— WORK ITEM —
Below this line are records; transcribe exactly the lines between the one holding "1 pair of exquisite" and the one holding "Americas Best Value", inclusive, and omit the pictures.

----- INFORMATION

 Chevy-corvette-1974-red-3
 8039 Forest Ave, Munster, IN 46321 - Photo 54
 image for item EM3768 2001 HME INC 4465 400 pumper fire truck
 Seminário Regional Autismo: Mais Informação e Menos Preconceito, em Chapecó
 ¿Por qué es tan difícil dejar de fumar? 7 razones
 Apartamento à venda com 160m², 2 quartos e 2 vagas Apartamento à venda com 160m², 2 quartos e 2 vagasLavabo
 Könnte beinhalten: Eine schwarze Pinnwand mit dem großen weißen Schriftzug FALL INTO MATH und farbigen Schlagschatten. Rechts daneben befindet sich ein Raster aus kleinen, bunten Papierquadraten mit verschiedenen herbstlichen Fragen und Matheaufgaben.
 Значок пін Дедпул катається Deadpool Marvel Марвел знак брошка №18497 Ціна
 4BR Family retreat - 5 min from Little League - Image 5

----------
----- INFORMATION

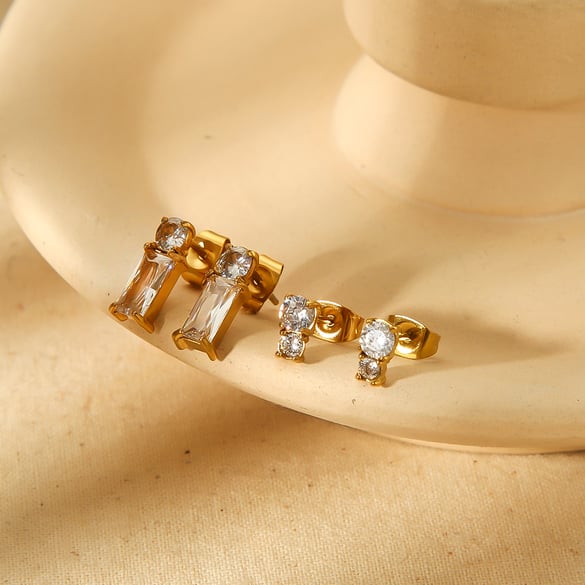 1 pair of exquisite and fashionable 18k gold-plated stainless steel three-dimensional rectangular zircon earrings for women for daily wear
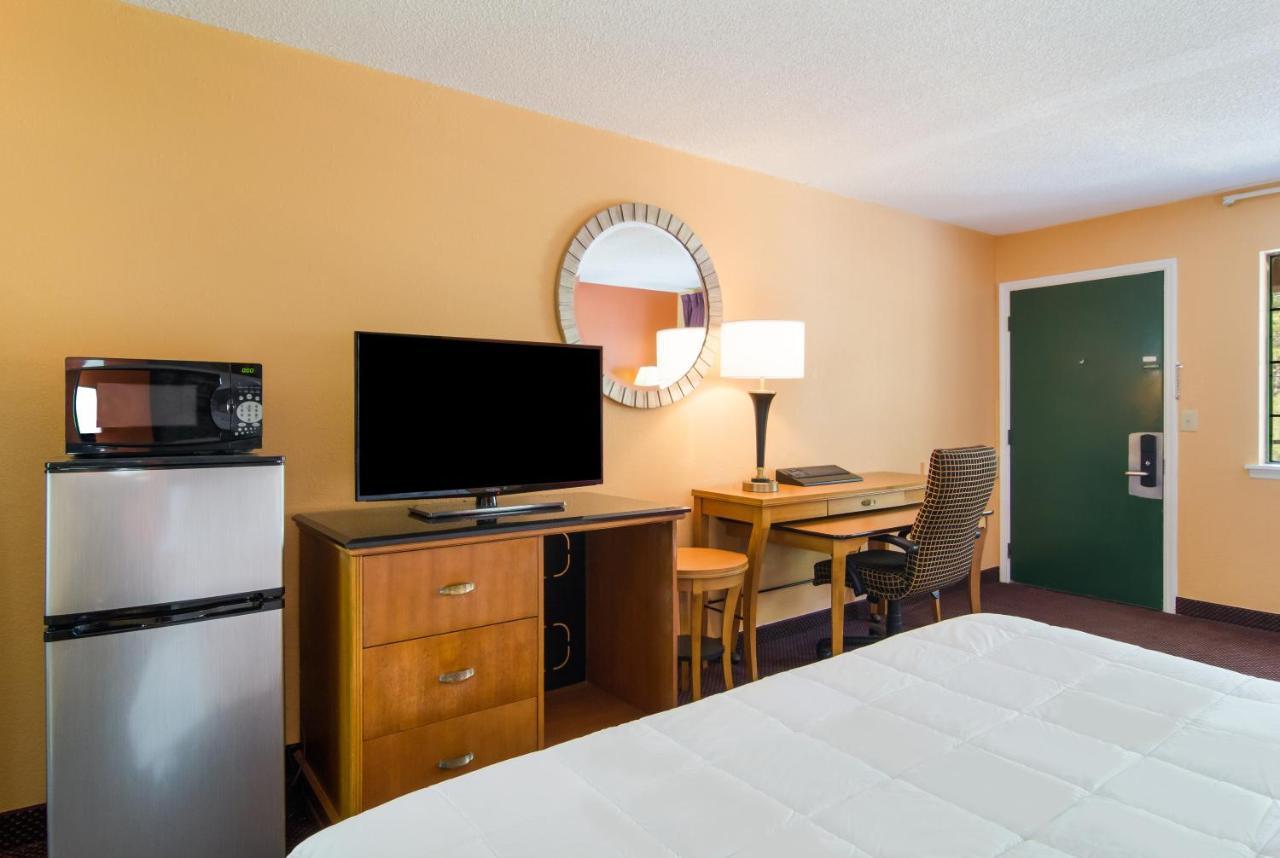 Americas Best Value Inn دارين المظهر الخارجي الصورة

----------

— SOLVED PROBLEM —
 1 pair of exquisite and fashionable 18k gold-plated stainless steel three-dimensional rectangular zircon earrings for women for daily wear
 Americas Best Value Inn دارين المظهر الخارجي الصورة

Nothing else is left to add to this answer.